Dominique Houdart : « Les philosophes sont des gens qui nous lancent des alertes » (1ère partie)
Le weekend dernier, la ville de Prague a accueilli pour la cinquième fois déjà le festival « Croissant au-dessus de Prague ». La première représentation a été celle de la Compagnie française Dominique Houdart et Jeanne Heuclin. Radio Prague a eu le plaisir de rencontrer Dominique Houdart, un des meilleurs marionnettistes français, qui connait déjà bien la République tchèque. Sur la scène du théâtre Na Prádle dans le quartier de Malá Strana, aux frontières de celui de Smíchov, il a présenté à lui seul, un spectacle dévoilant les pensées de plusieurs philosophes à travers le temps. Nous nous sommes entretenus sur l’art, la vie et la philosophie, trop fréquemment délaissée par notre vie quotidienne.

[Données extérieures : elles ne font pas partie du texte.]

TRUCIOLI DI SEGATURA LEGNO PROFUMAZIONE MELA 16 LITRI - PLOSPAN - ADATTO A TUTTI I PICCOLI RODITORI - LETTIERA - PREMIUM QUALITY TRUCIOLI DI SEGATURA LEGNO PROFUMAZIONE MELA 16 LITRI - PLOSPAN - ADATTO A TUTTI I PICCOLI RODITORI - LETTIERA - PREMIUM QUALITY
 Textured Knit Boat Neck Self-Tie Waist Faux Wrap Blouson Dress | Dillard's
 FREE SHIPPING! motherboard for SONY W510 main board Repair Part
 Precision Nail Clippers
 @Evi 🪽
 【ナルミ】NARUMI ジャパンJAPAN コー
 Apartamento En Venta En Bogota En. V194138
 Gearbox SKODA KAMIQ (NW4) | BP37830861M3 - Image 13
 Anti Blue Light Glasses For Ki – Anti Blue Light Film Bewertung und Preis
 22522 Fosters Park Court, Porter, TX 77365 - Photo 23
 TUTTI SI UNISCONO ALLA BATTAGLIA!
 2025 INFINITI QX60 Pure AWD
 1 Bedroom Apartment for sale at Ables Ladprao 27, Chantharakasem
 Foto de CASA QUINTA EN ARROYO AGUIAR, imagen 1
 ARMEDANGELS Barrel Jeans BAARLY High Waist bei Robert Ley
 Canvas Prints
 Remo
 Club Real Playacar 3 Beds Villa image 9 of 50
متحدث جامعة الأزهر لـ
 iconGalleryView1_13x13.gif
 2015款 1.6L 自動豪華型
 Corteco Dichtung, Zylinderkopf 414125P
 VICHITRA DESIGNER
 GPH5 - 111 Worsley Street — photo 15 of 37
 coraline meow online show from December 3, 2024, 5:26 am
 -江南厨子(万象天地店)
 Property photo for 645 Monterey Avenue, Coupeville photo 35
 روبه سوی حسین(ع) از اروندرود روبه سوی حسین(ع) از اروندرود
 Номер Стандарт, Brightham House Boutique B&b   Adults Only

« Il y a des idées qui reviennent, mais ce qui m'a motivé, c'est l'utilisation que les philosophes font des objets, c'est-à-dire l'objet comme élément de démonstration. Ce qui a été le déclic pour le spectacle, c'est le morceau de cire qu'utilise Descartes pour faire une démonstration. Je me suis dit, les autres philosophes ont dû utiliser des objets comme cela. Alors en lisant beaucoup de textes, j'en ai trouvé certains qui convenaient à ma démonstration. Et puis d'autres textes, qui me plaisaient beaucoup et que j'avais envie de jouer, même si les objets n'apparaissaient pas dans le texte. Par exemple, il y a un autre texte de Descartes, que je joue avec des objets qui sont dans le spectacle, mais qui n'ont d’autre but que d'aider la démonstration. Ce sont des textes qui disent beaucoup de choses, sur le plan de l'écologie, des bavardages inutiles ou bien des démonstrations sur le jeu du comédien. Ça c'est quelque chose d'étonnant, que j'ai trouvé dans Platon, qui fait une très belle démonstration de ce qu'est le théâtre, en utilisant le principe de l'aimant ; l'aimant qui relie le spectateur, à l'acteur, au poète. Et c'est ce qui me touche dans le spectacle, c'est que tous ces objets, comme les aimants, sont un peu des liens entre l’auteur, le poète ou le philosophe, le spectateur et l'acteur. »
Votre spectacle fait beaucoup penser à des spectacles ambulants, médiévaux, avec quelques éléments de magie aussi. Quelles sont vos sources d'inspiration ?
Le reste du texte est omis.